1 Ontstaan en loop van het geding
3 Geschil
Partijen verschillen van mening over de vraag of de winkelomzet van belanghebbende al dan niet belast is met omzetbelasting. Indien deze vraag bevestigd moet worden beantwoord is aan de orde of de margeregeling kan worden toegepast.
Ter zitting heeft de inspecteur erkend dat in bezwaar het inzagerecht is geschonden. De inspecteur heeft zich, voor wat betreft de gevolgen daarvan, gerefereerd aan het oordeel van de rechtbank. Partijen hebben de rechtbank verzocht de zaak af te doen op basis van de zich in het dossier bevindende gedingstukken. Belanghebbende heeft ter zitting het beroep op schending van de hoorplicht laten vallen.
Partijen doen hun standpunten steunen op de gronden die daartoe door hen zijn aangevoerd in de van hen afkomstige stukken.
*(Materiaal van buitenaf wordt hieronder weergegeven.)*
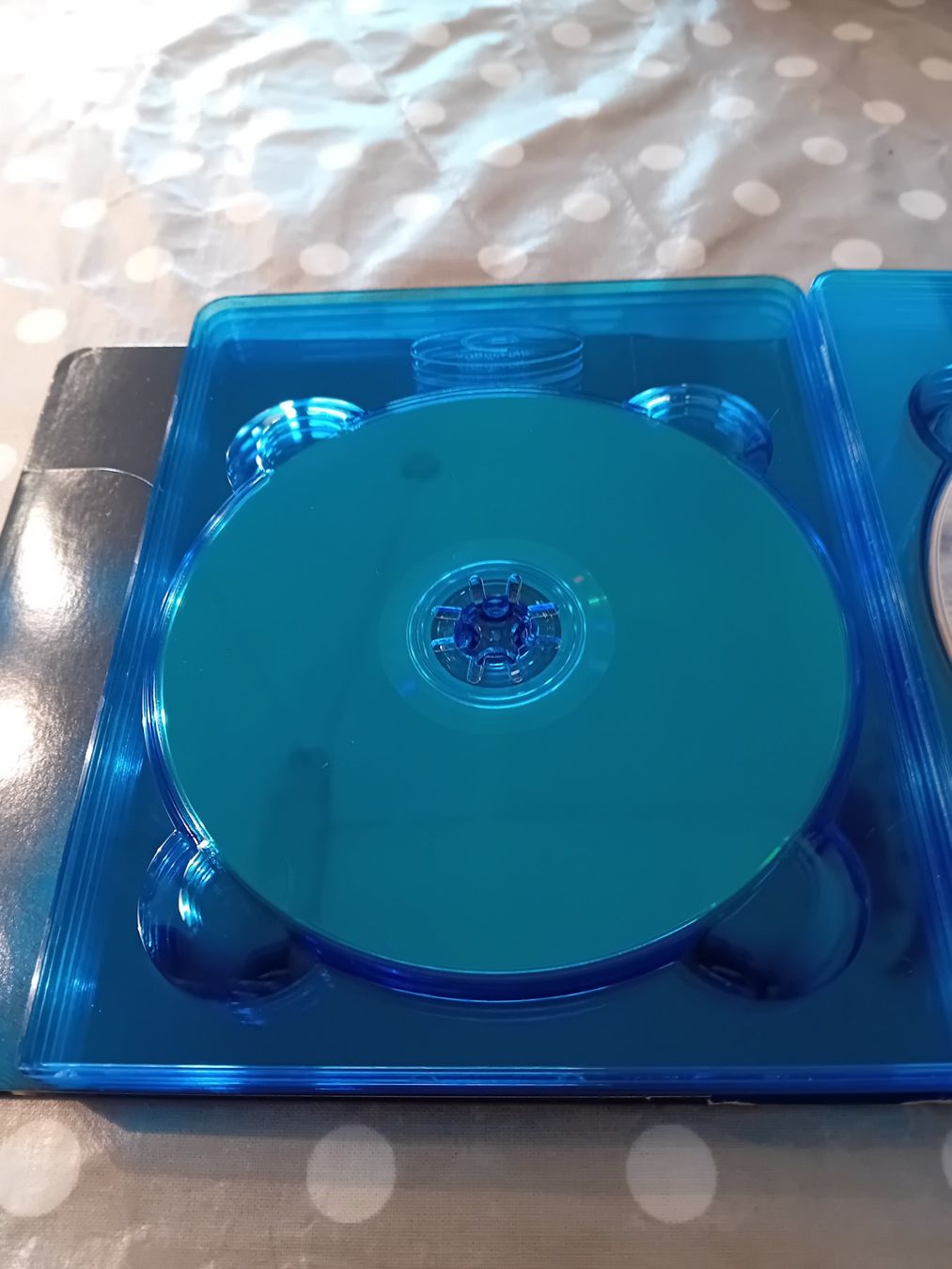Alle DVDs: Blu-ray X-Men - Quadrilogy - Special Edition – Gebraucht aus Dübendorf von 13geister 4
Belanghebbende concludeert tot gegrondverklaring van het beroep, vernietiging van de uitspraak op bezwaar en primair vermindering van de voldoening op aangifte tot nihil. Subsidiair concludeert belanghebbende tot een teruggave van omzetbelasting met toepassing van de margeregeling. De inspecteur concludeert tot ongegrondverklaring van het beroep.